Madison on “Parchment Barriers” and the defence of liberty I (1788)

James Madison

Found in The Federalist (Gideon ed.)

Although in the Federalist Papers (1787-88) James Madison (1751-1836) urged ratification of the U.S. Constitution he was also aware of the things it left undone. Here he worries about the weakness of “parchment barriers” such as the constitution in protecting the liberties of the people when the government increasingly “draw(s) all power into its impetuous vortex”:

Will it be sufficient to mark, with precision, the boundaries of these departments, in the constitution of the government, and to trust to these parchment barriers against the encroaching spirit of power?
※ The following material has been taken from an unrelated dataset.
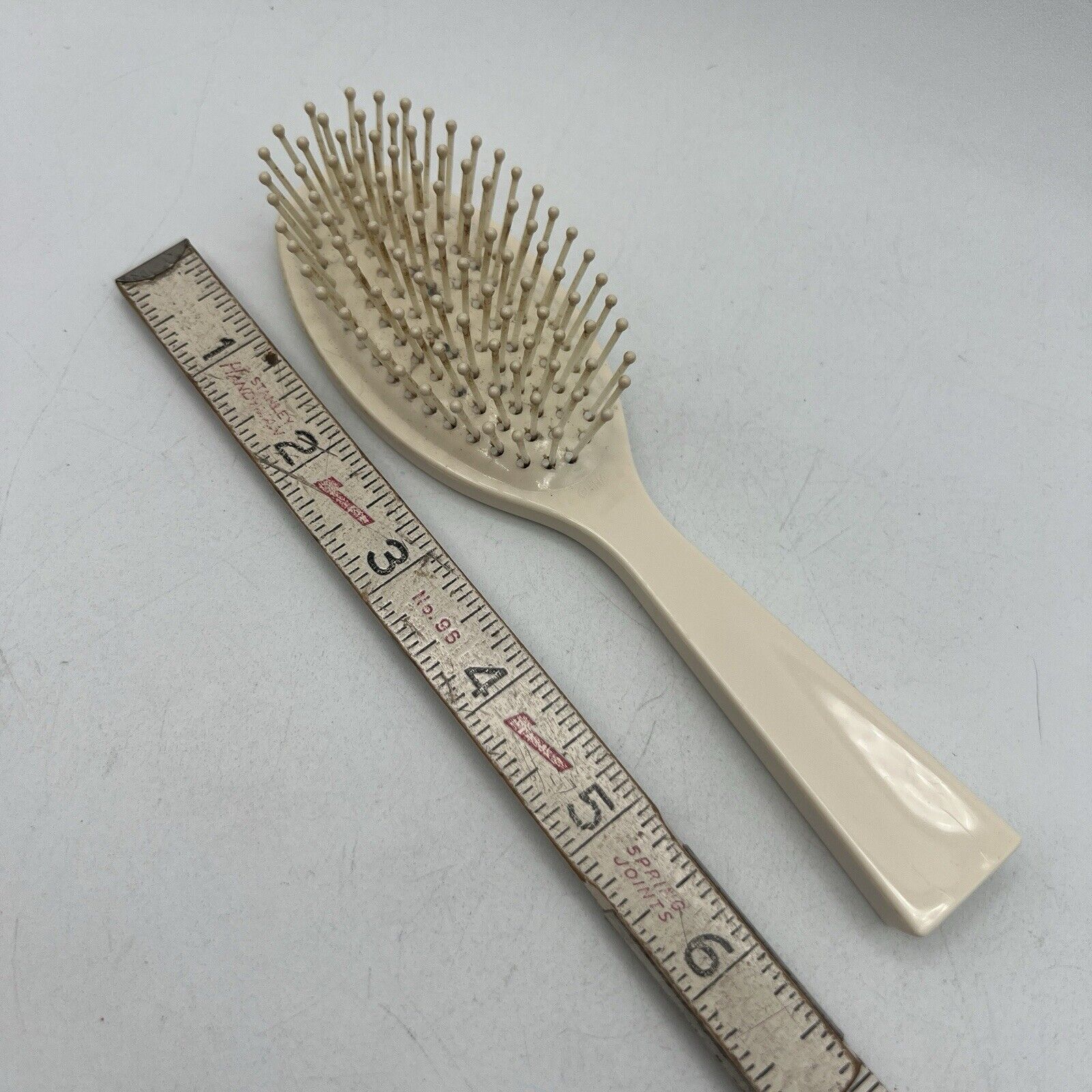 Vintage Estee lauder Ball Tipped Plastic Hair Brush Oval White 6.5” Travel Size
This is the security which appears to have been principally relied on by the compilers of most of the American constitutions. But experience assures us, that the efficacy of the provision has been greatly overrated; and that some more adequate defence is indispensably necessary for the more feeble, against the more powerful members of the government. The legislative department is every where extending the sphere of its activity, and drawing all power into its impetuous vortex.
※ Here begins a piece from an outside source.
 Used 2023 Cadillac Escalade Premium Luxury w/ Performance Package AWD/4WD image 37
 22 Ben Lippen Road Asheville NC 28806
Madison’s worries about the ineffectiveness of what he called “parchment barriers” to the violation of individual liberties were substantial. He thought that many of his contemporaries were too focused on the threats posed by the executive branch, which he thought understandable given the fact that they had just fought a revolutionary war against an overbearing monarch who headed an empire. He thought a bigger problem lay with the legislative branch because it “alone has access to the pockets of the people” and could be dominated by self-interested factions who could manipulate the chamber. Nevertheless, he also was aware that the executive branch might pose a similar threat to the liberties of the people, especially when “the necessities of the war” demanded action by the executive, but seemed to downplay these fears in his final analysis. Madison seemed to glumly conclude that the effectiveness of parchment barriers were overrated in limiting “the encroaching spirit of power” and that something else was needed to protect individuals from seeing their liberties and property being sucked into the “impetuous vortex” of government. Unfortunately he did not specify here what a “sufficient guard” against this might be.